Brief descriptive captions
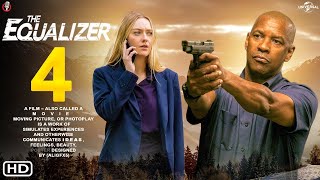 THE EQUALIZER 4 Teaser 2025  Denzel Washington’s FINAL Showdown [upl. by Volney426]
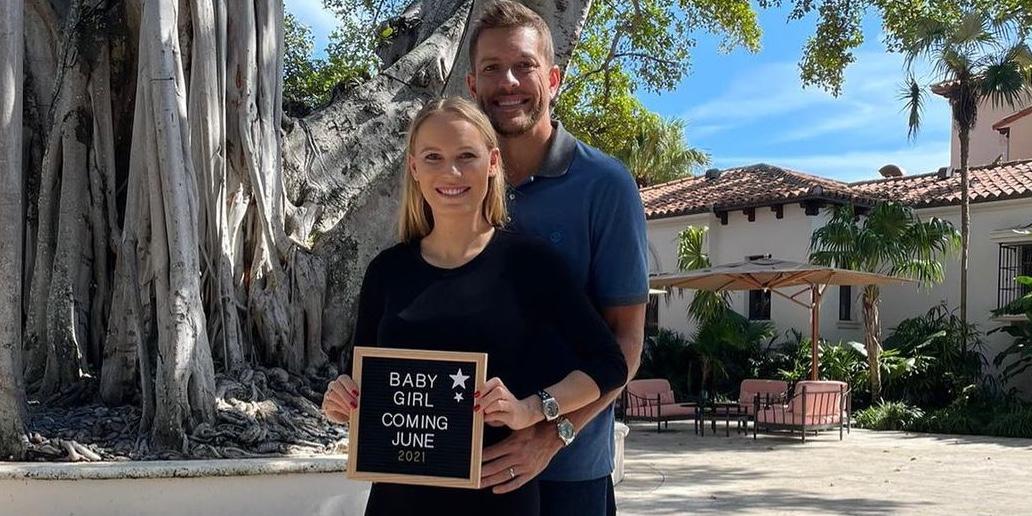 Who is Caroline Wozniacki's NBA star husband David Lee, and when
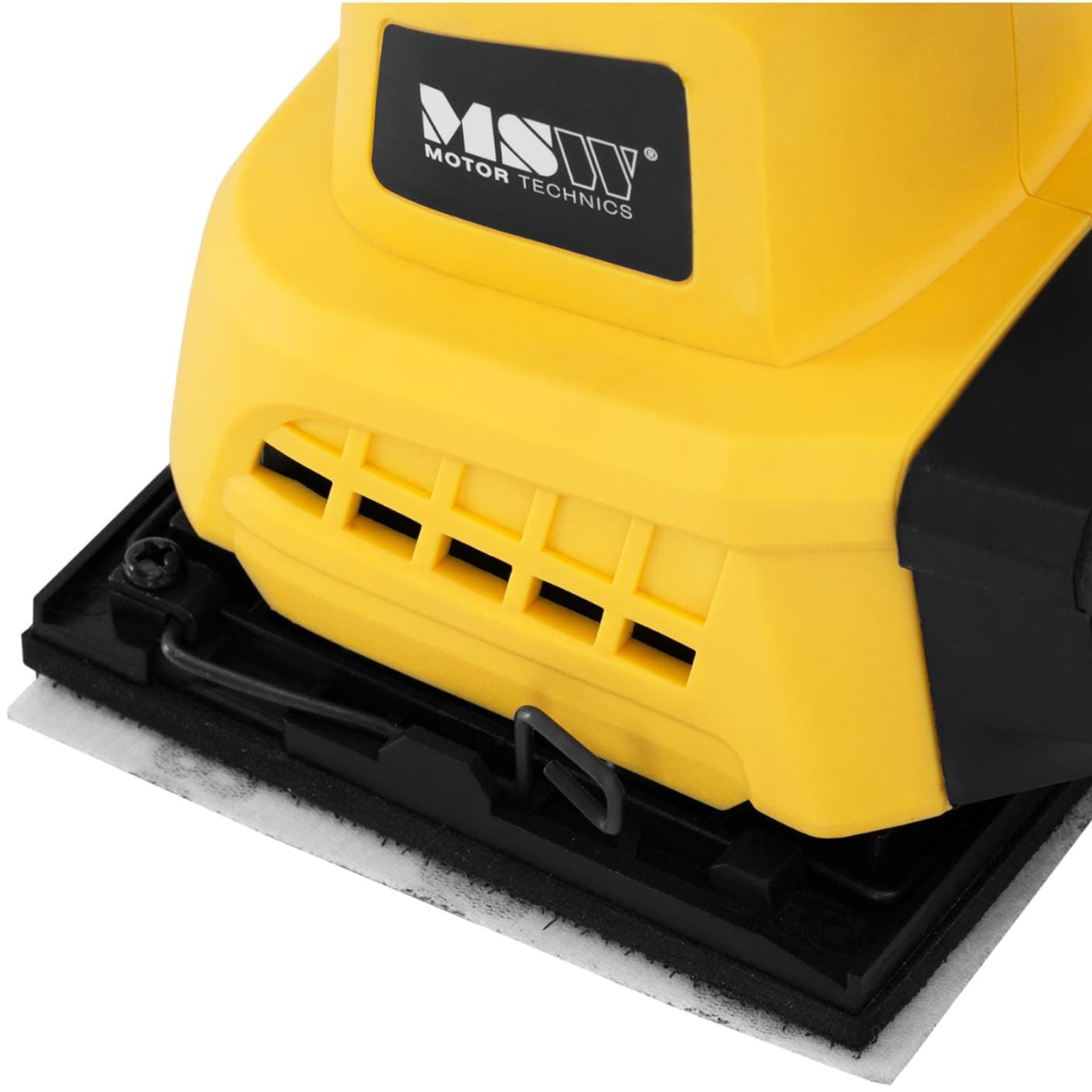 

Szlifierka oscylacyjna elektryczna 15000 obr./min 240 W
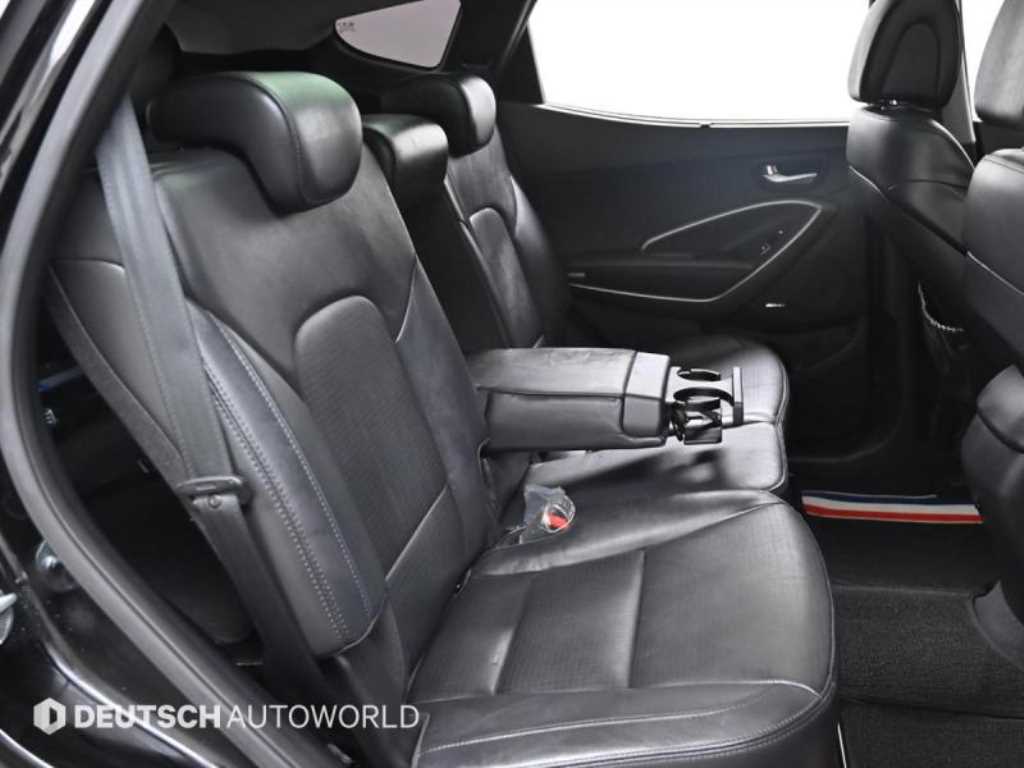 Hyundai Santafe — photo 12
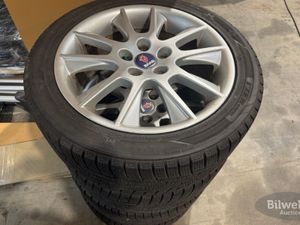 Saab 9-5 bild 116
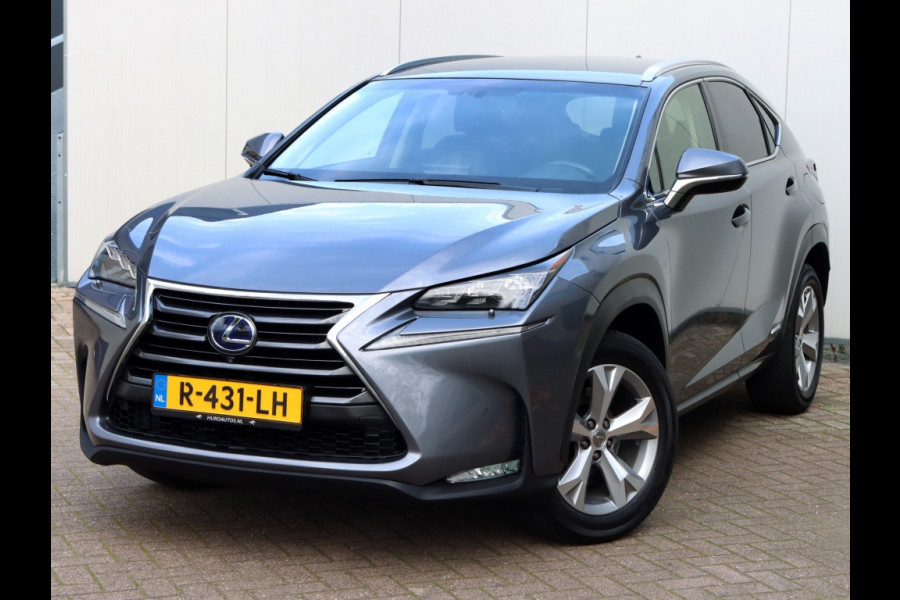 Lexus NX 300h AWD President Line | Mark Levinson | Stoelventialtie | 360
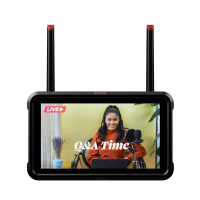 ATOMOS ZATO CONNECT 5&amp;quot; Network connected monitor &amp;amp; encoder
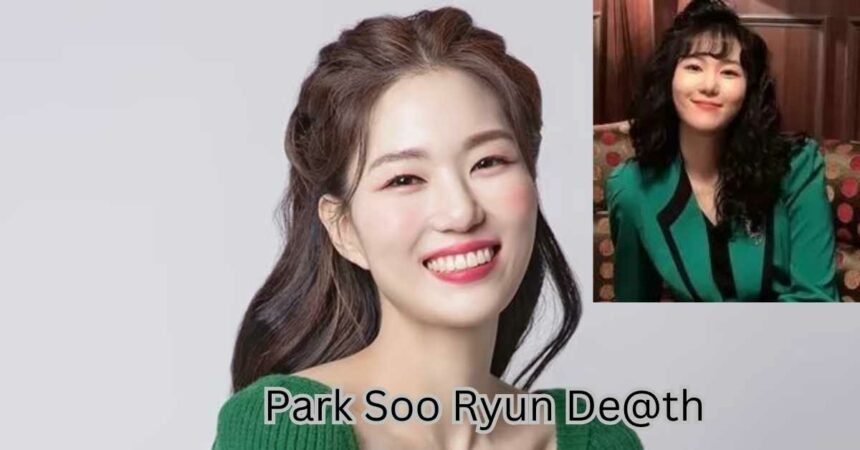 Park Soo Ryun De@th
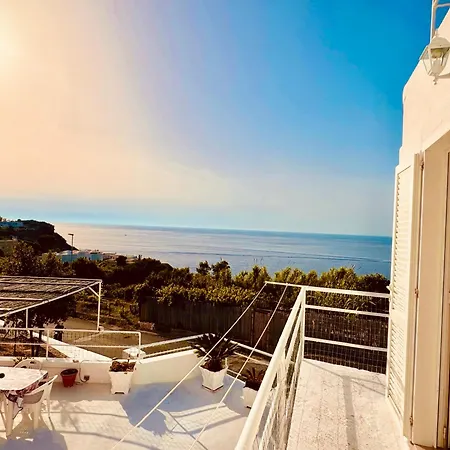 Le Forna Aparthotel Ponza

How to complete this task:
Repeat the records above exactly, leaving out any pictures they contain.

Expected answer:
 THE EQUALIZER 4 Teaser 2025  Denzel Washington’s FINAL Showdown [upl. by Volney426]
 Who is Caroline Wozniacki's NBA star husband David Lee, and when

Szlifierka oscylacyjna elektryczna 15000 obr./min 240 W
 Hyundai Santafe — photo 12
 Saab 9-5 bild 116
 Lexus NX 300h AWD President Line | Mark Levinson | Stoelventialtie | 360
 ATOMOS ZATO CONNECT 5&amp;quot; Network connected monitor &amp;amp; encoder
 Park Soo Ryun De@th
 Le Forna Aparthotel Ponza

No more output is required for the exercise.